Assigned task:
Starting at the line below with "Silver Crystal Garland, 5M" and stopping at the line with "John Lewis Christmas", please print each line exactly, those two included, and skip every picture.

Data for this task:
_ _ _ _

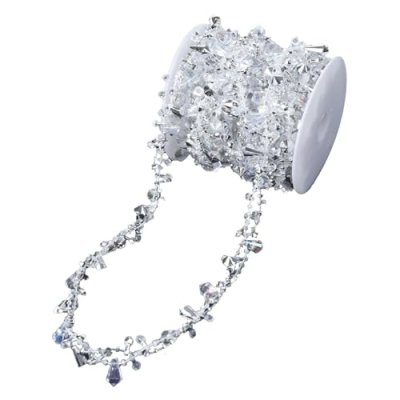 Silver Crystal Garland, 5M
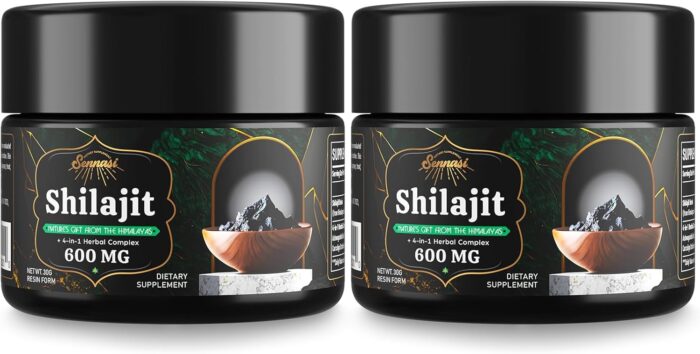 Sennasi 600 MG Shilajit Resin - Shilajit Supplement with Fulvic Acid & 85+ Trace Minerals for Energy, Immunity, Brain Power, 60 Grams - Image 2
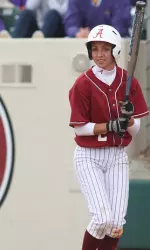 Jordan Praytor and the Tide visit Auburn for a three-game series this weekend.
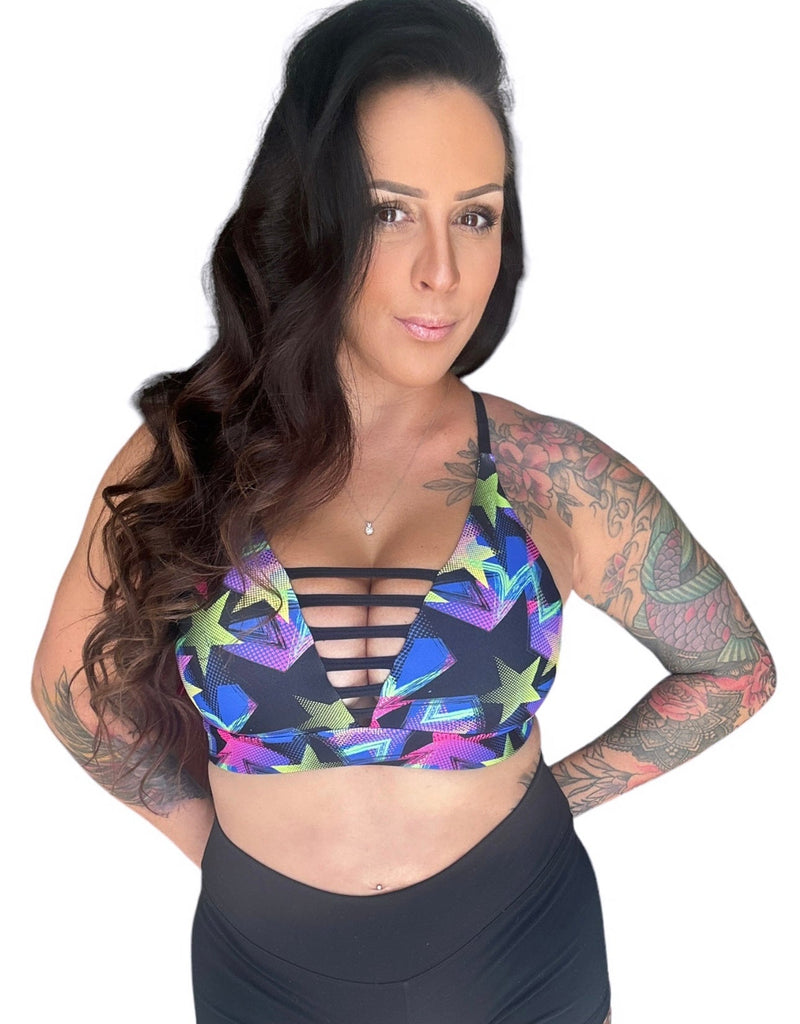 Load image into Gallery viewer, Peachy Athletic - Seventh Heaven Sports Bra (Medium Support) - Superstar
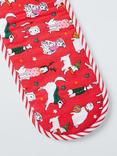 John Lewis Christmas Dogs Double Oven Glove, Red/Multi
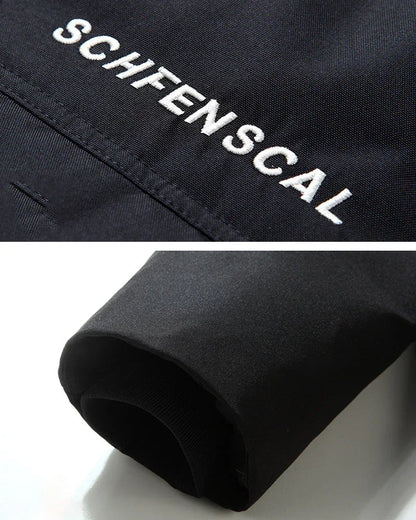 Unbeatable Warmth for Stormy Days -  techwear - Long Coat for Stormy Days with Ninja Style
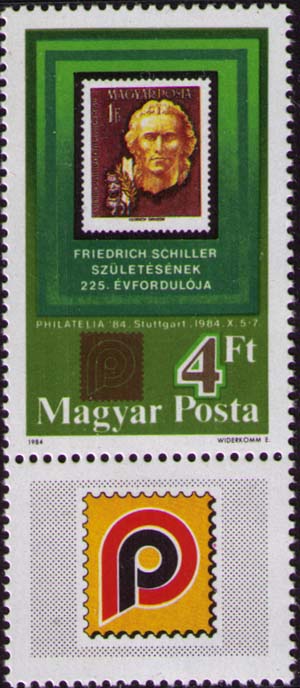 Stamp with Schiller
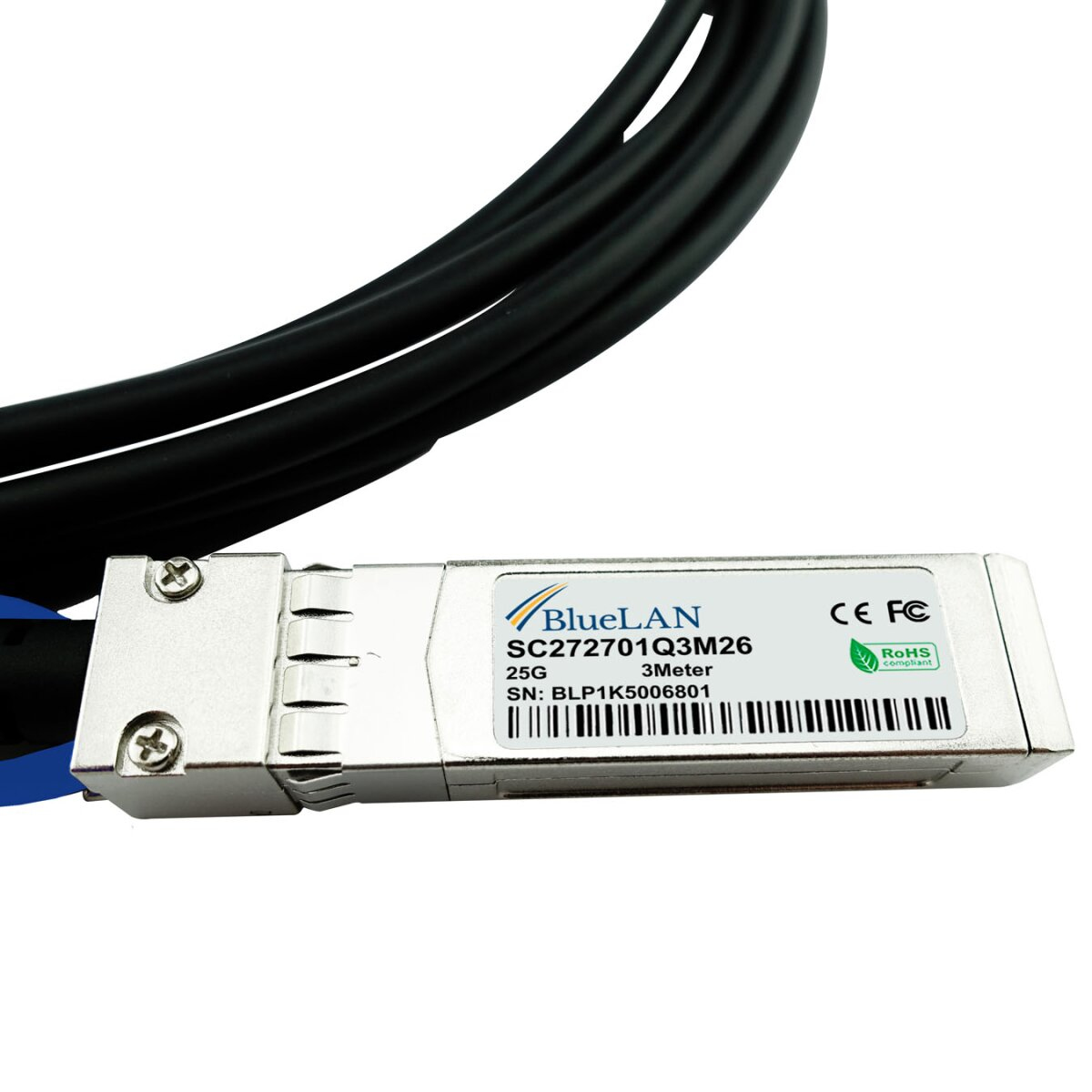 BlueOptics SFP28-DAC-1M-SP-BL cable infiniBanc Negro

_ _ _ _

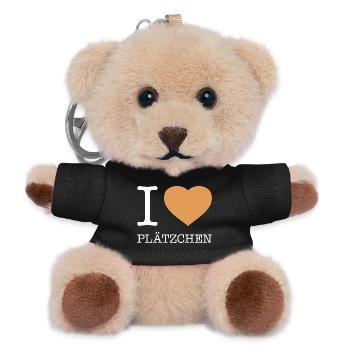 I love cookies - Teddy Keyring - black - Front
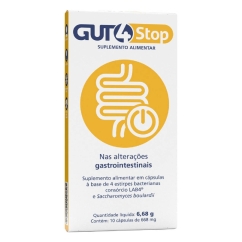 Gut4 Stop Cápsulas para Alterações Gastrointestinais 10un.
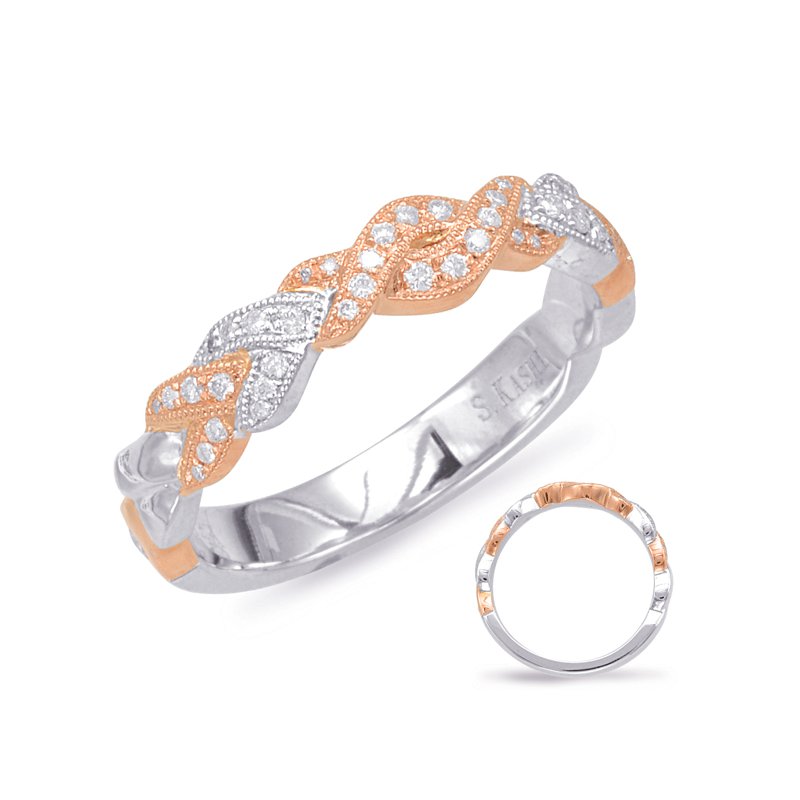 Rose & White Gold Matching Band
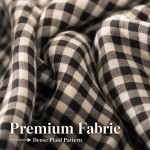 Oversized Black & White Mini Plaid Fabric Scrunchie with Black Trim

_ _ _ _

Response for this exercise:
 Silver Crystal Garland, 5M
 Sennasi 600 MG Shilajit Resin - Shilajit Supplement with Fulvic Acid & 85+ Trace Minerals for Energy, Immunity, Brain Power, 60 Grams - Image 2
 Jordan Praytor and the Tide visit Auburn for a three-game series this weekend.
 Load image into Gallery viewer, Peachy Athletic - Seventh Heaven Sports Bra (Medium Support) - Superstar
 John Lewis Christmas Dogs Double Oven Glove, Red/Multi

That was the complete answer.